I guess just automatically enabling some kind of default duplicate checking for all contacts could be seen as a breaking change. I wonder if it might not be better to focus on some way to allow folks to easily enable "best practice" dupe checks for each of their forms. For example, if we go with a duplicate_check object in the form's properties.json file, we could also allow other properties besides expression. Even just having a default property on duplicate_check that could be set to true if you wanted the default duplicate check to apply to this form might work fine....

Reports/Early duplicate detection

So far I do not perceive our design discussion as headed in a direction that would prevent us from implementing this functionality in the future. I group these together here because I think the early duplicate detection functionality could be super useful when dupe checking reports. (As previously noted, the most common case of "duplicate" reports would be the same form being submitted within a particular time window. So, we should know write at the start of a form that there are "duplicates".)

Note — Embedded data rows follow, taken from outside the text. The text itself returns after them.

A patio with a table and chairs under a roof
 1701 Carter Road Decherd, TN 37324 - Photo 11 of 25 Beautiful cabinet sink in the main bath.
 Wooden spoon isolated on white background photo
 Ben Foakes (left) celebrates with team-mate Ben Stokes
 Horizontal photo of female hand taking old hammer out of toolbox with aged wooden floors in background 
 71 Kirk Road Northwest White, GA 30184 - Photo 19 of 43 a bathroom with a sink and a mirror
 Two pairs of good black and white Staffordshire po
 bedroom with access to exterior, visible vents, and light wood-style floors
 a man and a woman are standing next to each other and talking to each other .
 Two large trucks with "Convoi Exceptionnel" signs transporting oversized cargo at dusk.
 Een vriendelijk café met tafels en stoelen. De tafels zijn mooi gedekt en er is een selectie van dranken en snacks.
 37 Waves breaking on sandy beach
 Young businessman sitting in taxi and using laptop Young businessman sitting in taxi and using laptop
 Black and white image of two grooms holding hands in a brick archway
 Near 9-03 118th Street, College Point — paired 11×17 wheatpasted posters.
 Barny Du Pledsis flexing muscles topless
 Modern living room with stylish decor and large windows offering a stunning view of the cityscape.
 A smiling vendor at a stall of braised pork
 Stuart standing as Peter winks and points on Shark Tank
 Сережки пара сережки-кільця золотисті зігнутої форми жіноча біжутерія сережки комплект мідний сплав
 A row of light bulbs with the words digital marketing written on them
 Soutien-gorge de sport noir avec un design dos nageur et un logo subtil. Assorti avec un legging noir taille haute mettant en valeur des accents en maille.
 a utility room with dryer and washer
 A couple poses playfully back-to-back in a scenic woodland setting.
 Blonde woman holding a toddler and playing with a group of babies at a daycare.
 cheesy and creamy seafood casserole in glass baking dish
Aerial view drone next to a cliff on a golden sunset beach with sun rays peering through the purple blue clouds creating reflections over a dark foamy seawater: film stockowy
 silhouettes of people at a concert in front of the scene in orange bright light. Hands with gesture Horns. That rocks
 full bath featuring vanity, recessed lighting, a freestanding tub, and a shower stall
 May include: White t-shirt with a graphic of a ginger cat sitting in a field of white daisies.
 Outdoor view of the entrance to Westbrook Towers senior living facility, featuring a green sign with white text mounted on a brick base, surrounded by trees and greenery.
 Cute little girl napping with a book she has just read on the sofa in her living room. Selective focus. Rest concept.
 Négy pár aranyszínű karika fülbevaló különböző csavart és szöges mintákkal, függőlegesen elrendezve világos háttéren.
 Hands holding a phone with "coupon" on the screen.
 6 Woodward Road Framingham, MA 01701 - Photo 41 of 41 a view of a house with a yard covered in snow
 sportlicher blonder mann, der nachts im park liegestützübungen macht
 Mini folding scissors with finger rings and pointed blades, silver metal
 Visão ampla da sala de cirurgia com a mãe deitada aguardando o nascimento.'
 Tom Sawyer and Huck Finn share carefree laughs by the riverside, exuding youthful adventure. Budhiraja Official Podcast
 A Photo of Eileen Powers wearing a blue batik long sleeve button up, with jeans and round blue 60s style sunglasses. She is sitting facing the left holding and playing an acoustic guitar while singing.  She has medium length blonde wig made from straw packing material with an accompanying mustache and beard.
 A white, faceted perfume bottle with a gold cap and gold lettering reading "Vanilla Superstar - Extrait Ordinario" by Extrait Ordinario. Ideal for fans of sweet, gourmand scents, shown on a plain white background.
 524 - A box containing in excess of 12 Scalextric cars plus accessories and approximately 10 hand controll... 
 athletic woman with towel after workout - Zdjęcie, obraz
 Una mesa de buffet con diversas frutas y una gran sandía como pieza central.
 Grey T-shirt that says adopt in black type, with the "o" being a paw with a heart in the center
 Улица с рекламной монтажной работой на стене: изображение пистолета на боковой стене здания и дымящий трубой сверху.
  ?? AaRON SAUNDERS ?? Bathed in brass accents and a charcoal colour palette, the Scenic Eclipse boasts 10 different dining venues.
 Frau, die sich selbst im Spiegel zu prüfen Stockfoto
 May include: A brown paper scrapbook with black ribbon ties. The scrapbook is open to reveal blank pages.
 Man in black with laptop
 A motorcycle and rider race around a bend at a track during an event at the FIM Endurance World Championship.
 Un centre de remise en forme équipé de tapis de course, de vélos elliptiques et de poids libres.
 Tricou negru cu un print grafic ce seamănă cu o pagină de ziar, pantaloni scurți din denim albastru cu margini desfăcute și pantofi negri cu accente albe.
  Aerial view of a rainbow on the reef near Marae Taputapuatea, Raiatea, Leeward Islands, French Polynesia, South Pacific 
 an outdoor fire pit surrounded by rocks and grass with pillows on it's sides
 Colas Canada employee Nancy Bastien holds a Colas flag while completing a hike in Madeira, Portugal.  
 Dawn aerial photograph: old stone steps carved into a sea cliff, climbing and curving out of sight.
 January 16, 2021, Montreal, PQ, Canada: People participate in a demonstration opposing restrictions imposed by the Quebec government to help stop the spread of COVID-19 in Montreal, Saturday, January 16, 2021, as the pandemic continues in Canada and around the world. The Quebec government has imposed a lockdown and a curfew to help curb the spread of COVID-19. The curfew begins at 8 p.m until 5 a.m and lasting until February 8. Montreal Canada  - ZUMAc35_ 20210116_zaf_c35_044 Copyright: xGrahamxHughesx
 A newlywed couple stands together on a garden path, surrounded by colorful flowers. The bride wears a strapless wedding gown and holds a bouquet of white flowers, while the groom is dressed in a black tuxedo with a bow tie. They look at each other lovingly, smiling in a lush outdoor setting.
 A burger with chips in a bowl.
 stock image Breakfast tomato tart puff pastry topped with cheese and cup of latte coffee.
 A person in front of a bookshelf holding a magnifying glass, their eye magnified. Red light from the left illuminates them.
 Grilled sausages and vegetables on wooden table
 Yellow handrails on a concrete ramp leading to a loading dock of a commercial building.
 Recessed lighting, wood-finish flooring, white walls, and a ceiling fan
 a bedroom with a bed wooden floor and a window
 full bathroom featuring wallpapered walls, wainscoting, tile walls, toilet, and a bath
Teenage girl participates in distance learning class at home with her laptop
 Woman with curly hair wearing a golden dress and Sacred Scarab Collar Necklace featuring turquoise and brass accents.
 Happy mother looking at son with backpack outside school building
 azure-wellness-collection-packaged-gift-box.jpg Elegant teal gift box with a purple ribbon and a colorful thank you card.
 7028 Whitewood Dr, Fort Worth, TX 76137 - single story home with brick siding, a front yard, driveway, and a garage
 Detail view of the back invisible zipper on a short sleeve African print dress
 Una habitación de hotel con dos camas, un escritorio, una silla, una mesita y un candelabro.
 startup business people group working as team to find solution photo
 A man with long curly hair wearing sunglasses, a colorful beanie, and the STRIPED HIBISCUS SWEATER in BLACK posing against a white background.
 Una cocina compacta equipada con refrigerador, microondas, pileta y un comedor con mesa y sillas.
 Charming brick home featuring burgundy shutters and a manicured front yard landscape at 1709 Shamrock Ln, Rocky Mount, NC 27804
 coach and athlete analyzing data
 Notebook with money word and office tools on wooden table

Additionally, the proposed "bottom drawer" UI could also pair well with the early duplicate detection since it would give a clean way to see the duplicate contacts while still in the middle of a form.

Display duplicates

I really appreciate your thoughts on the modal approach and agree that an in-line/drawer UI would be superior! My suggestion is that for the initial MVP we just display a list of the duplicate contacts in-line at the end of the form (with a few relevant details such as name, phone, date_of_birth, etc) with a check-box for bypassing the dupe-check. We can get fancier in future iterations.